Since the pandemic started, a number of pop-ups have been offering full, curated meals to eat at home—like the Malaysian omakase from Boston's Sekali, which contains an assortment of small containers of sauces, sides, and mains. But the pizza-box format can offer cooks like Costa and the Widjojo sisters a little more control over how people enjoy their food, elevating a take-out meal to an experience. In the kamayan boxes she offered this month, Costa arranged an assortment of savory main dishes, vegetables, flowers, and tiny Filipino flags—all served on a banana leaf, with its sweet herbal scent and tropical appearance. "Kamayan [is] supposed to be laid out, and the food is everywhere, and it looks pretty. […] I feel like it's more authentic that way. When you open it up, you're like, Whoa, that's a lot of food."
instagram
The options of variety boxes like these are growing. Also in Philadelphia, Pizza Plus offers a weekly snack box that holds not just a cheese pie but also burgers, chicken tenders, fries, onion rings, and dips in each corner, like every stoner's wet dream. In the Bay Area, the Fish and Bonez pop-up fills pizza boxes with charcuterie or vegan snacks. And with events—along with last year's trend of grazing tables—mostly off-limits, sellers of smaller-format "grazing boxes" are popping up all over the country.

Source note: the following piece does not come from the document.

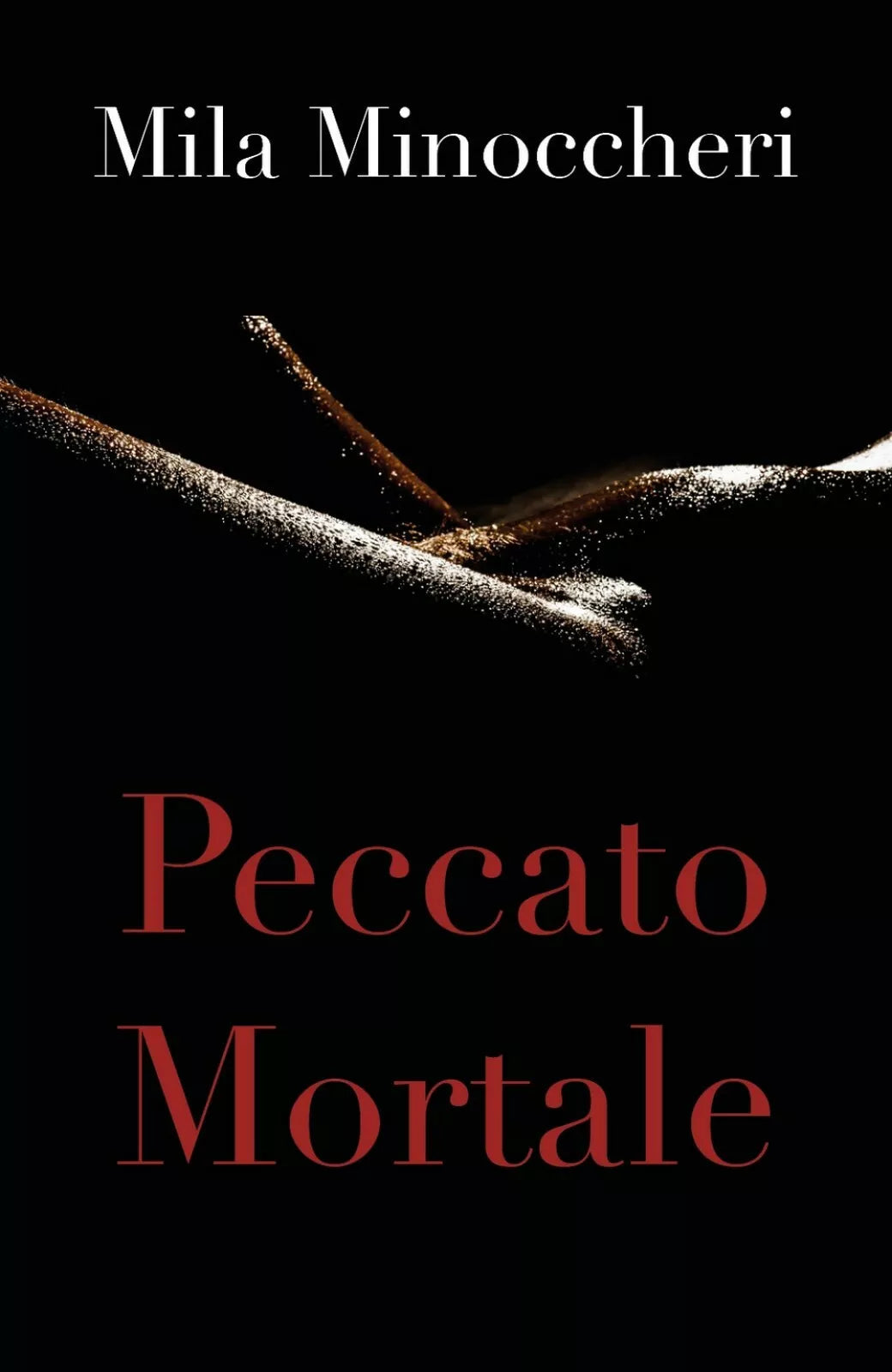 Peccato Mortale di Mila Minoccheri, 2018, Youcanprint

In April, Loryn Purvis launched Orange County's Picnic Artisanal Grazing after the cooking school where she taught closed temporarily due to COVID-19. Filled with cheese, charcuterie, nuts, fruit, and more, her grazing boxes—which, to be specific, are sold in shallow bakery boxes and not pizza boxes—are popular with people who want to eat outside or have a special time at home. "I think right now people are just looking for something fun," she said. Plus, with flowers, lots of colors, and sprigs of herbs, her boxes are Instagram bait.
instagram
Purvis said her most in-demand option so far has been the ten-inch picnic box that feeds two to four people, though she also sells one-person boxes. Sometimes, she said, people will purchase the latter for outdoor events to avoid the possibility of cross-contamination: Instead of grazing at communal buffets, attendees can just grab a personal grazing box and add it to their meal. For that reason, even as establishments start to re-open, Purvis thinks boxes like hers will have lasting appeal. "People are a little hesitant to share finger foods," she said.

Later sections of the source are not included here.